Que voilà un petit livre puissamment stimulant qui fait une lecture de la crise sanitaire sous l’angle de la sociologie des organisations. Pourquoi les situations de crises donnent lieu à une telle créativité organisationnelle rendant les plans préparés avec tant d’attention caduques avant d’être mis en oeuvres ? Pourquoi ce foisonnement augmente les problèmes de coordination qu’ils sont censés résoudre ? Tel est l’enjeu de Covid-19 : une crise organisationnelle.

Pour les chercheurs Henri Bergeron, Olivier Borraz, Patrick Castel et François Dedieu, nous questionnons le poids des défaillances ou des mérites individuels et négligeons les dimensions collectives et organisationnelles des décisions. Nous minimisons les risques et signaux certainement parce que les organisations sont mal équipées pour les faire remonter. “La coopération et la coordination demeurent le maillon faible – le “peu-pensé” – des dispositifs organisationnels”, d’où le fait qu’ils sortent des cadres en cas de crise, mais souvent au détriment de ce qui en est exclu (comme les considérations, économiques exclues du cadrage très hospitalier de la crise). Dans un monde saturé d’organisations nous peinons toujours à les organiser ! Certainement parce que cette organisation est intimement liée au pouvoir (ce qui n’est pas sans évoquer pour moi, les questions posées par Frédéric Laloux dans Reinventing organisations). Dans la gestion élitaire et sanitaire de la crise que nous connaissons, les organisations et protocoles créés ont favorisé une décision à courte-vue, top-down, conflictuelle…

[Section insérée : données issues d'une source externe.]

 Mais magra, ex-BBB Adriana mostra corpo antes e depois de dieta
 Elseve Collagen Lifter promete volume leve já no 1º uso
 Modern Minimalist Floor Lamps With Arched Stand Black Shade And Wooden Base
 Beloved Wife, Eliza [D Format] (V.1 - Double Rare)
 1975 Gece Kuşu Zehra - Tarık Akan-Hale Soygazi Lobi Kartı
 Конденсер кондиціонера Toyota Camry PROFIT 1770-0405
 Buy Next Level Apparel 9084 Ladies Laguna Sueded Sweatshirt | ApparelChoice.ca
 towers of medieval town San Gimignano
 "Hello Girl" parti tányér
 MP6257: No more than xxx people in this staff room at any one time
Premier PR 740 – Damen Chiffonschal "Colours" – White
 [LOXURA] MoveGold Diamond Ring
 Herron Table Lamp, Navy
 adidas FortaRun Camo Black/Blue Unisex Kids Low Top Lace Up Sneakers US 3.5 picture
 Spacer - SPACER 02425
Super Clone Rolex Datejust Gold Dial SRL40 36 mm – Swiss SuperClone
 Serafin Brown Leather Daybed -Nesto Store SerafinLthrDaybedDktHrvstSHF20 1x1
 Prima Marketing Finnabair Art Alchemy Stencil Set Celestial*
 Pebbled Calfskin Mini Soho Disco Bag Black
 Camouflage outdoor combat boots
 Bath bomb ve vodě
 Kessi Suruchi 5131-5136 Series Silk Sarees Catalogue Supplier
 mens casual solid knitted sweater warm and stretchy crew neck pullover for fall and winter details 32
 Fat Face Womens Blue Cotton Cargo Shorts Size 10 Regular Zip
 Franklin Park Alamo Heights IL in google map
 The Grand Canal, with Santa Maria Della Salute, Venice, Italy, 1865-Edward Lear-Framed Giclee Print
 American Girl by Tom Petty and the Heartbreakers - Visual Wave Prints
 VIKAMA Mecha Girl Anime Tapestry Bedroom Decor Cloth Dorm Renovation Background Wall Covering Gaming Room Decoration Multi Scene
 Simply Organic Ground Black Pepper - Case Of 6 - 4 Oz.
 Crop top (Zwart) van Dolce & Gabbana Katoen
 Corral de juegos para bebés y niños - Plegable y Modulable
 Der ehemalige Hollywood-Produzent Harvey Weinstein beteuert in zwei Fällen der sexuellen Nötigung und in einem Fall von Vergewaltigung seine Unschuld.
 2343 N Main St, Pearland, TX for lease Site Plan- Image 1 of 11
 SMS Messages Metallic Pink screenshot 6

Derrière leurs analyses, les auteurs consacrent tout un chapitre sur comment apprendre des crises, comment passer de la recherche de culpabilités à la réforme des causes structurelles, à créer une sorte d’observatoire des crises pour en tirer des enseignements qui ne soient plus singuliers, car elles ne le sont pas, mais systémiques. En tout cas, ils ne sont pas tendres avec les gestionnaires de la crise sanitaire, soulignant excès de confiance, saturation désorganisationnelle, gestion élitaire, exhubérante créativité procédurale, épuisement décisionniste… mais pointent que ces défauts demeurent le lot commun de toutes nos organisations. Le “command and control” produit rarement ce qu’on en attend (à part de la défiance). Riche !

Hubert Guillaud

A propos du livre de Henri Bergeron, Olivier Borraz, Patrick Castel et François Dedieu, Covid-19 : une crise organisationnelle, Presses de SciencesPo, octobre 2020, 136 pages.

De Auchan à Wuhan, un monde de consommation sans fin

J’ai passé le week-end à déambuler dans le Auchan de Cergy avec Annie Ernaux. A me promener dans ses pas dans cette antre d’une modernité qui semble (à l’heure où l’on y réduits les clients pour s’adapter à de “jauges” sans cesse revisitées et où l’on bâche des pans entiers de produits que certains décrètent pour d’autres comme “non essentiels”…) déjà en train de disparaitre. A trainasser dans ces palais d’abondance et d’humiliations. A y côtoyer nos semblables (pas tous, souligne très justement Ernaux). A y éprouver les derniers reliefs d’une temporalité cyclique et immuable, qui ne se décline plus que sous la forme d’offres commerciales. A y éprouver nos décombres de désirs et l’impossibilité à les satisfaire. Regarde les lumières mon amour n’est qu’un court et modeste journal qui nous invite à prendre le temps de regarder le monde et les autres, simple et sensible.

Un hiver à Wuhan d’Alexandre Labruffe est un tout autre récit qui lui aussi ausculte notre consommation, en tentant de la regarder depuis l’autre bout du monde. Là où Ernaux est précise, précieuse, Labruffe lui, glisse dans un rapport fantasmatique à la réalité, mordant et terrible. Dans ce journal, le monde bascule, comme pour éclairer l’avenir de notre rapport d’ogre au monde. Derrière “l’enlaidisneylandisation” de la Chine, Labruffe évoque la nôtre. Il y évoque aussi l’avarie, la dématérialisation d’un matérialisme total, la tyrannie de la seule consommation comme ultime liberté dans un monde où, pareil au karaoké, ne s’orchestre que le vide à mimer nos rêves défunts. Un monde qui dénie les effets qu’il engendre, à l’image de la crise sanitaire qui a frappé Wuhan, et a plongé nos existences encore plus profondément dans la dystopie. Labruffe ramène avec lui la crainte d’un avenir psychotique, “désinfecté mais pollué” et encore plus chaotique qu’il n’était. Le fameux monde d’après dans lequel nous avons basculé !

A propos de Regarde les lumières mon amour, Annie Ernaux, “Raconter la vie”, Seuil, 2014 et Un hiver à Wuhan, Alexandre Labruffe, Verticales, 2020.